Shi Yin, Li Xiaoni
Department of Business and Management, Economics and Management Faculty, University Rovira i Virgili, Spain.
Heliyon. 2019 Dec 18;5(12):e02997. doi: 10.1016/j.heliyon.2019.e02997. eCollection 2019 Dec.
Bibliometric analysis is an effective method to carry out quantitative study of academic output to address the research trends on a given area of investigation through analysing existing documents. This paper aims to explore the application of intelligent techniques in bankruptcy predictions so as to assess its progress and describe the research trend through bibliometric analysis over the last five decades. The results indicate that, although there is a significant increase in publication number since the 2008 financial crisis, the collaboration among authors is weak, especially at the international dimension. Also, the findings provide a comprehensive view of interdisciplinary research on bankruptcy modelling in finance, business management and computer science fields. The authors sought to contribute to the theoretical development of bankruptcy prediction modeling by bringing new knowledge and key insights. Artificial intelligent techniques are now serving as important alternatives to statistical methods and demonstrate very promising results. This paper has both theoretical and practical implications. First, it provides insights for scholars into the theoretical evolution and intellectual structure for conducting future research in this field. Second, it sheds light on identifying under-explored machine learning techniques applied in bankruptcy prediction which can be crucial in management and decision-making for corporate firm managers and policy makers.

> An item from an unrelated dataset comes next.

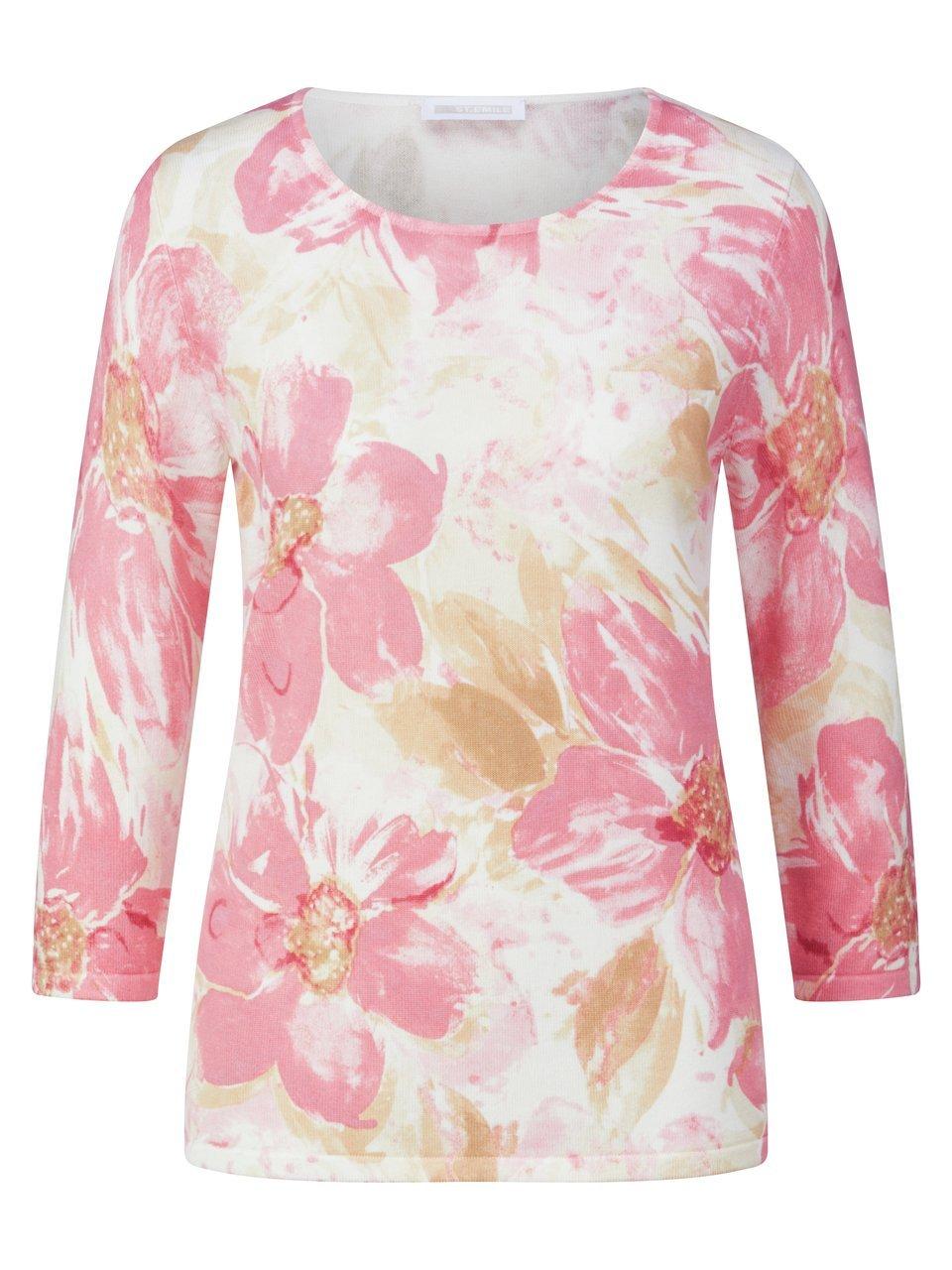 Rundhals-Pullover 3/4-Arm St. Emile weiss günstig online kaufen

文献计量分析是一种开展学术产出定量研究的有效方法,通过分析现有文献来探究特定研究领域的研究趋势。本文旨在探讨智能技术在破产预测中的应用,以便评估其进展,并通过对过去五十年的文献计量分析来描述研究趋势。结果表明,尽管自2008年金融危机以来出版物数量显著增加,但作者之间的合作较为薄弱,尤其是在国际层面。此外,研究结果全面呈现了金融、商业管理和计算机科学领域中关于破产建模的跨学科研究情况。作者试图通过引入新知识和关键见解,为破产预测模型的理论发展做出贡献。人工智能技术如今已成为统计方法的重要替代方法,并展现出非常有前景的结果。本文具有理论和实践意义。首先,它为学者们提供了该领域理论演变和知识结构的见解,以便他们开展未来研究。其次,它有助于识别在破产预测中应用但未充分探索的机器学习技术,这对于公司企业经理和政策制定者的管理和决策可能至关重要。